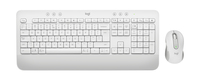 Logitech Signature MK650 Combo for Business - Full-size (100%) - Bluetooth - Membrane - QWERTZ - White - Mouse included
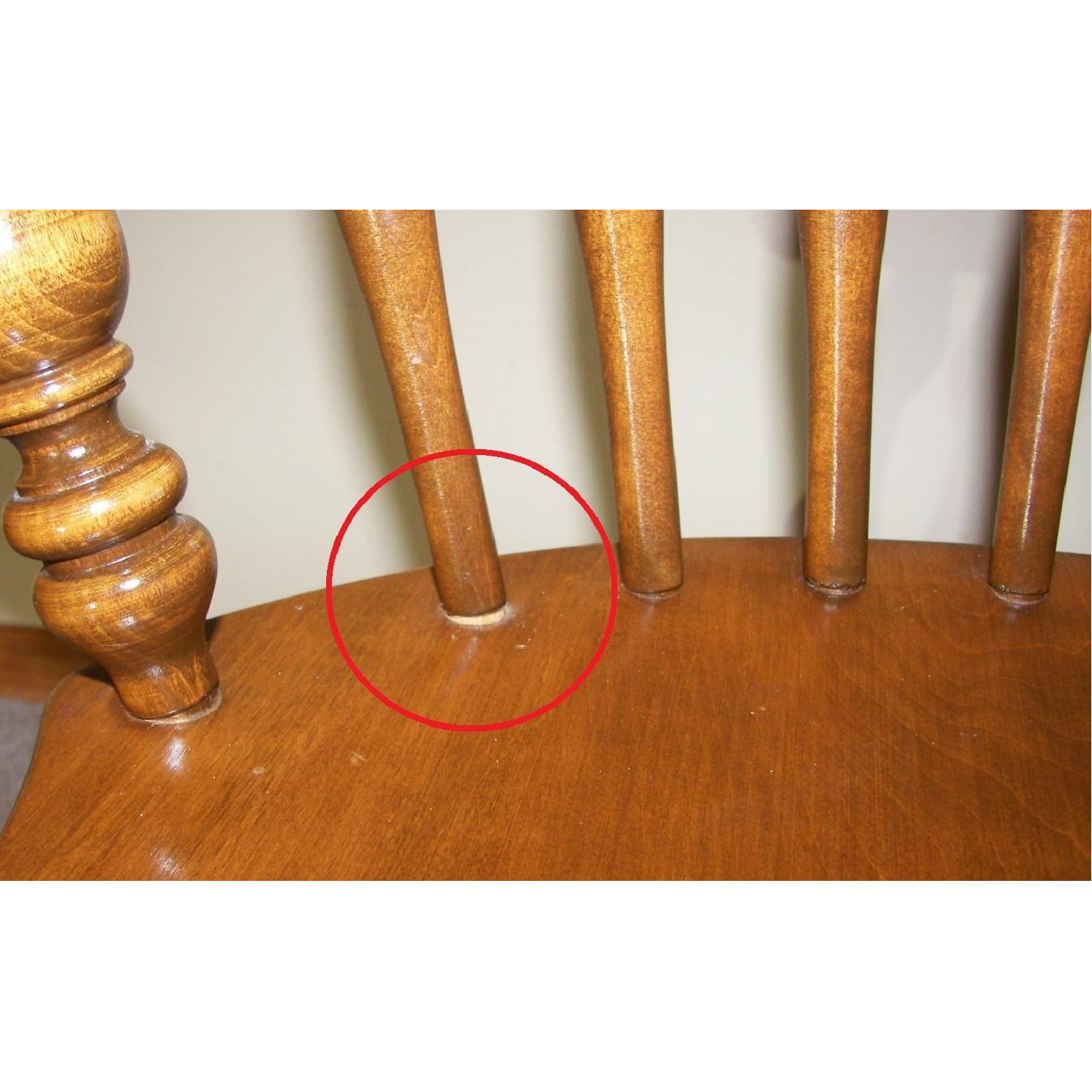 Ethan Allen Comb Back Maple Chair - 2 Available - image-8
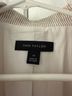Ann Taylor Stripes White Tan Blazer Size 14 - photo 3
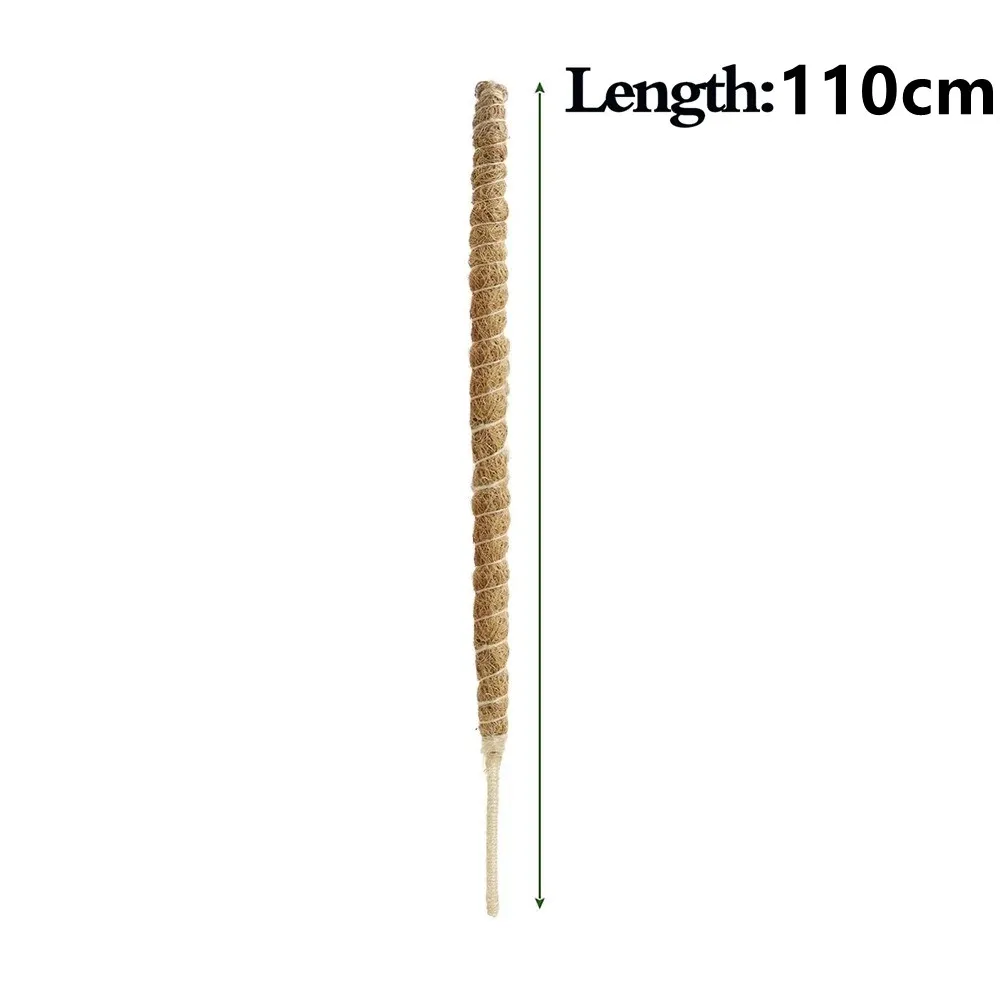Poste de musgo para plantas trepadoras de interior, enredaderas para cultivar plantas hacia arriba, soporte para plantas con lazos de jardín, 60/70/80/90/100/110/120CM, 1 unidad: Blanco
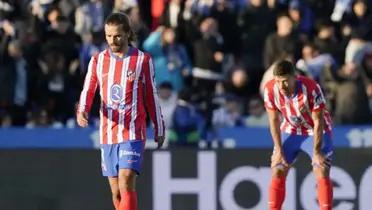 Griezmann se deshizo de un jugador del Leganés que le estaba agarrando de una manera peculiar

Problem statement - Repeat the line containing "Poste de musgo" and every line after it up to the end of the material above, exactly as they stand, minus the pictures.

Problem solution -
Poste de musgo para plantas trepadoras de interior, enredaderas para cultivar plantas hacia arriba, soporte para plantas con lazos de jardín, 60/70/80/90/100/110/120CM, 1 unidad: Blanco
 Griezmann se deshizo de un jugador del Leganés que le estaba agarrando de una manera peculiar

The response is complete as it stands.